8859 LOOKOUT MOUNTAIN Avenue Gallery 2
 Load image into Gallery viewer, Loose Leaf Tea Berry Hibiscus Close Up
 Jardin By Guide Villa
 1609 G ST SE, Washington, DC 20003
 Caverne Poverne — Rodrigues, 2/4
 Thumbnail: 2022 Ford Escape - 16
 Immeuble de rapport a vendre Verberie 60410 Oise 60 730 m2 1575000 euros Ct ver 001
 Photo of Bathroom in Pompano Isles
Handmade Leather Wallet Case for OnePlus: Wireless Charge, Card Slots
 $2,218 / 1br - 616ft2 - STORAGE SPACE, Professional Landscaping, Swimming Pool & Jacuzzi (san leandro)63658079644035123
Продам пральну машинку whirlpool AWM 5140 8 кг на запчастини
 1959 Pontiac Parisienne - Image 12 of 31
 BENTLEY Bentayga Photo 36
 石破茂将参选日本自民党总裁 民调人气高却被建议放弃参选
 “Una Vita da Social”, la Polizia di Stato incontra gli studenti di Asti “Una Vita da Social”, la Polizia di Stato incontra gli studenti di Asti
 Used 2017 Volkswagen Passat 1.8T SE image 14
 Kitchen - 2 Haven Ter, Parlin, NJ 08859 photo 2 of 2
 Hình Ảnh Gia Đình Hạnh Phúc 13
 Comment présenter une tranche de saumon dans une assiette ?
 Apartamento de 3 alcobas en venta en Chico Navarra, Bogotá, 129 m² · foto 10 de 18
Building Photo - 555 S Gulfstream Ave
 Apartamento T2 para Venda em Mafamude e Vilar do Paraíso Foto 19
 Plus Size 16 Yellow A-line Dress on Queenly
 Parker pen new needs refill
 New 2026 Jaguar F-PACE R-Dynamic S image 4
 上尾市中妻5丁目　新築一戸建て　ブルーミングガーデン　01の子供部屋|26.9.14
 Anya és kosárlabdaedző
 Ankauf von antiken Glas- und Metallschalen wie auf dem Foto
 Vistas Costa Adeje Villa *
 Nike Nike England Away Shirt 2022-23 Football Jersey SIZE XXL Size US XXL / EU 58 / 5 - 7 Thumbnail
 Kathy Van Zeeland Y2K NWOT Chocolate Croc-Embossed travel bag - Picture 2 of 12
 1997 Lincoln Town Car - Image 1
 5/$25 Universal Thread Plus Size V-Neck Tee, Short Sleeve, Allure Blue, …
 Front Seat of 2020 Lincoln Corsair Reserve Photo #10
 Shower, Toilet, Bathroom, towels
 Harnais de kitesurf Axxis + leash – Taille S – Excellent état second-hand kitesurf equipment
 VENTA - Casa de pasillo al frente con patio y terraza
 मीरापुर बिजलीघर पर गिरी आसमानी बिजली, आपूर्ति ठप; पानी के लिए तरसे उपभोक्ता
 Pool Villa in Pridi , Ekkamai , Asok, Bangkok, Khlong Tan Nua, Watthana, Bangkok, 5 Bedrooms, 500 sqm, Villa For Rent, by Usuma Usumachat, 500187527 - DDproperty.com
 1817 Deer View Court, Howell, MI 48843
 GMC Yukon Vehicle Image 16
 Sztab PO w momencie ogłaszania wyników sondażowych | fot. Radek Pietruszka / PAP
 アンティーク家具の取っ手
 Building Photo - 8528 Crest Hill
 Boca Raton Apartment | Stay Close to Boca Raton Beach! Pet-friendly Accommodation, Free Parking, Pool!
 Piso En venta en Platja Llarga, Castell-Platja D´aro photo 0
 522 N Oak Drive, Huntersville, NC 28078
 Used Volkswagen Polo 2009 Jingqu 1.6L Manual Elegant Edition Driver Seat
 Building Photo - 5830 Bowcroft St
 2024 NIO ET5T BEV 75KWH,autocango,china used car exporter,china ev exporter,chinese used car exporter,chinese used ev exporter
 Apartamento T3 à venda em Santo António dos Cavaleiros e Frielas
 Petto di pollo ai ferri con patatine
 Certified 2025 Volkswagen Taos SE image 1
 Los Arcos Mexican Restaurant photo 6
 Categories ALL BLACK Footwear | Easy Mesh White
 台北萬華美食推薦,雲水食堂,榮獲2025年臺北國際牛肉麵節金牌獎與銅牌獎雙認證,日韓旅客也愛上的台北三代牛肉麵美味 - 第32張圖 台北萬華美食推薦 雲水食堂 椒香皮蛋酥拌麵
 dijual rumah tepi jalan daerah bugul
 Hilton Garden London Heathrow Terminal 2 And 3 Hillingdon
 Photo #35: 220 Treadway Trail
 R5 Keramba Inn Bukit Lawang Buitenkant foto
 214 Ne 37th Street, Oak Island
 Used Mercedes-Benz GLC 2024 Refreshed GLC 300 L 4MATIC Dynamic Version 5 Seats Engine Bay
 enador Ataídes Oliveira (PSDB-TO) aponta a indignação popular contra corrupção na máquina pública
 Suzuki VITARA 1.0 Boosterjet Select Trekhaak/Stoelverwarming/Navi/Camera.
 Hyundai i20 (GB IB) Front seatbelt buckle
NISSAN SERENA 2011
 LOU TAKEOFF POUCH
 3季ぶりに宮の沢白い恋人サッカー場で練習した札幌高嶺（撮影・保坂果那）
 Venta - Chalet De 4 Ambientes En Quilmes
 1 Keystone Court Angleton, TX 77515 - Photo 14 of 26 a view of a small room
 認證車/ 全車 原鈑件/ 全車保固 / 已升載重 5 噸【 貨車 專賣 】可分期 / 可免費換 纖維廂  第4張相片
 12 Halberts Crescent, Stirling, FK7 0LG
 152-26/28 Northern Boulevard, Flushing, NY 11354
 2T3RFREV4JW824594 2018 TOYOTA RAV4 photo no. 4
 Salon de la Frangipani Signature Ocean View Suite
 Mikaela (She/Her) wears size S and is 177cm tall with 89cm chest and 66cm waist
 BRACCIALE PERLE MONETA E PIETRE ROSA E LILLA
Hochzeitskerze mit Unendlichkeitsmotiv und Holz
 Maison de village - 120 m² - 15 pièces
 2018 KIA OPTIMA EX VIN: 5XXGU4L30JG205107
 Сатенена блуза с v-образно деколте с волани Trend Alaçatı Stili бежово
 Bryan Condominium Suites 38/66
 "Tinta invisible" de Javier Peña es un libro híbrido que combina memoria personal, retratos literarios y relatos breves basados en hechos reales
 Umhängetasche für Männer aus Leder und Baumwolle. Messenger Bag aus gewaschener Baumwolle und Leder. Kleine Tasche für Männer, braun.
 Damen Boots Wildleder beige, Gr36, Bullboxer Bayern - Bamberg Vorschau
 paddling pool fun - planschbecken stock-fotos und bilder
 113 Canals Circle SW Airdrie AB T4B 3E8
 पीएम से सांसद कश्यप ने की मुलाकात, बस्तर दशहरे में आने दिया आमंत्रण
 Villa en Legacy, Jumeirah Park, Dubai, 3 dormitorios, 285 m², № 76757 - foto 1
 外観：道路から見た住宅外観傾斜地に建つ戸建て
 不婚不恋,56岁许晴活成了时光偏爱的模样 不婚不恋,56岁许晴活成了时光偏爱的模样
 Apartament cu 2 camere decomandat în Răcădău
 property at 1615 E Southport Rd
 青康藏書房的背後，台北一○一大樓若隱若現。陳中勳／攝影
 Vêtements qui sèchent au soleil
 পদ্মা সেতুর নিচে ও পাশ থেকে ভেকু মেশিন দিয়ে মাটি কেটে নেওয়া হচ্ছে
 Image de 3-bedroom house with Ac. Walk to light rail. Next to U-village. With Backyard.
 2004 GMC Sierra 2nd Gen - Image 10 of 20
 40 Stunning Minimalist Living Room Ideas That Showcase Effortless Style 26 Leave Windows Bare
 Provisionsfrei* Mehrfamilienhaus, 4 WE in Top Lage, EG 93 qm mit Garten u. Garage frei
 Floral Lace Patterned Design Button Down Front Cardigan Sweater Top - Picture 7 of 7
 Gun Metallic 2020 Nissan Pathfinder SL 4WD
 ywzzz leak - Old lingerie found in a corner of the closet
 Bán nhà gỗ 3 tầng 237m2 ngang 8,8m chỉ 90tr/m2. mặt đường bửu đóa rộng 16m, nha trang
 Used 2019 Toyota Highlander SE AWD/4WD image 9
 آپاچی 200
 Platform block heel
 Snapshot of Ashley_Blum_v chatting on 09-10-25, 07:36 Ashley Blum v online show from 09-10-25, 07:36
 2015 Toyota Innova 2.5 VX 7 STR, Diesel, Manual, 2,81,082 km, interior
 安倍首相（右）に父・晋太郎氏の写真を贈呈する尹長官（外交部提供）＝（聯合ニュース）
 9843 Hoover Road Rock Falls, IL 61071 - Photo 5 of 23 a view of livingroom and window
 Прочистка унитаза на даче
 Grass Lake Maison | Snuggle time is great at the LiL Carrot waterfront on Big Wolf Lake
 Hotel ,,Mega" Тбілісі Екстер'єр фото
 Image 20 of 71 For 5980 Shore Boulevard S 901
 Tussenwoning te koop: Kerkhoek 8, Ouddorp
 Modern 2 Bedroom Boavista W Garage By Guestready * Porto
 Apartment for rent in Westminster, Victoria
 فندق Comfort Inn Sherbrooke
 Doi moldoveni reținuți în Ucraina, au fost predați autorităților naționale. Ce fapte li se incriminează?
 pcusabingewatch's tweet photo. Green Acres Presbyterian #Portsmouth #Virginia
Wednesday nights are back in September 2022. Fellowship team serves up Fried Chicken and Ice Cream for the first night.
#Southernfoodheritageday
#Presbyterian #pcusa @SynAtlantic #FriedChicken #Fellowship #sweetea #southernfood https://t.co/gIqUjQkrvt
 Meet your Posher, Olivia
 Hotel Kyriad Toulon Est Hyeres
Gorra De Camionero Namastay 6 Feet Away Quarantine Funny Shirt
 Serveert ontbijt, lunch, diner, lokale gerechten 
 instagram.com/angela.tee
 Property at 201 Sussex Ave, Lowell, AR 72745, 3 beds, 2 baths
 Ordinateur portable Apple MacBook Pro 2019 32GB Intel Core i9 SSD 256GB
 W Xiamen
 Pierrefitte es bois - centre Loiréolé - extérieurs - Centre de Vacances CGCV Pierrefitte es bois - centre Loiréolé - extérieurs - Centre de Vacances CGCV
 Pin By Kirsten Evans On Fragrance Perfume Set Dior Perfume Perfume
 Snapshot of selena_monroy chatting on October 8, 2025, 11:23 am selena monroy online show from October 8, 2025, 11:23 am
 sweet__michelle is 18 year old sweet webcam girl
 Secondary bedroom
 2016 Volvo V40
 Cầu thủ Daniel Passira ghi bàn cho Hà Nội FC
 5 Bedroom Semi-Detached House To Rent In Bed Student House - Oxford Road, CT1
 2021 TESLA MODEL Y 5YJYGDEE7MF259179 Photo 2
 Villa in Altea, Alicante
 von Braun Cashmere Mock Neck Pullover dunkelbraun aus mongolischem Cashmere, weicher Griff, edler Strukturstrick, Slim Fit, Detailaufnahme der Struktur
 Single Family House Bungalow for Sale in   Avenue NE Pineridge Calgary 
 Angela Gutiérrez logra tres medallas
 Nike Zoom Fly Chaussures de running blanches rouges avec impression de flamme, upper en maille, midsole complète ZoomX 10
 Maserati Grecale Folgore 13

> **Your task**
Quote exactly the first line of the data and every line after it through the one holding "Продам пральну машинку".

> **Response to this exercise**
8859 LOOKOUT MOUNTAIN Avenue Gallery 2
 Load image into Gallery viewer, Loose Leaf Tea Berry Hibiscus Close Up
 Jardin By Guide Villa
 1609 G ST SE, Washington, DC 20003
 Caverne Poverne — Rodrigues, 2/4
 Thumbnail: 2022 Ford Escape - 16
 Immeuble de rapport a vendre Verberie 60410 Oise 60 730 m2 1575000 euros Ct ver 001
 Photo of Bathroom in Pompano Isles
Handmade Leather Wallet Case for OnePlus: Wireless Charge, Card Slots
 $2,218 / 1br - 616ft2 - STORAGE SPACE, Professional Landscaping, Swimming Pool & Jacuzzi (san leandro)63658079644035123
Продам пральну машинку whirlpool AWM 5140 8 кг на запчастини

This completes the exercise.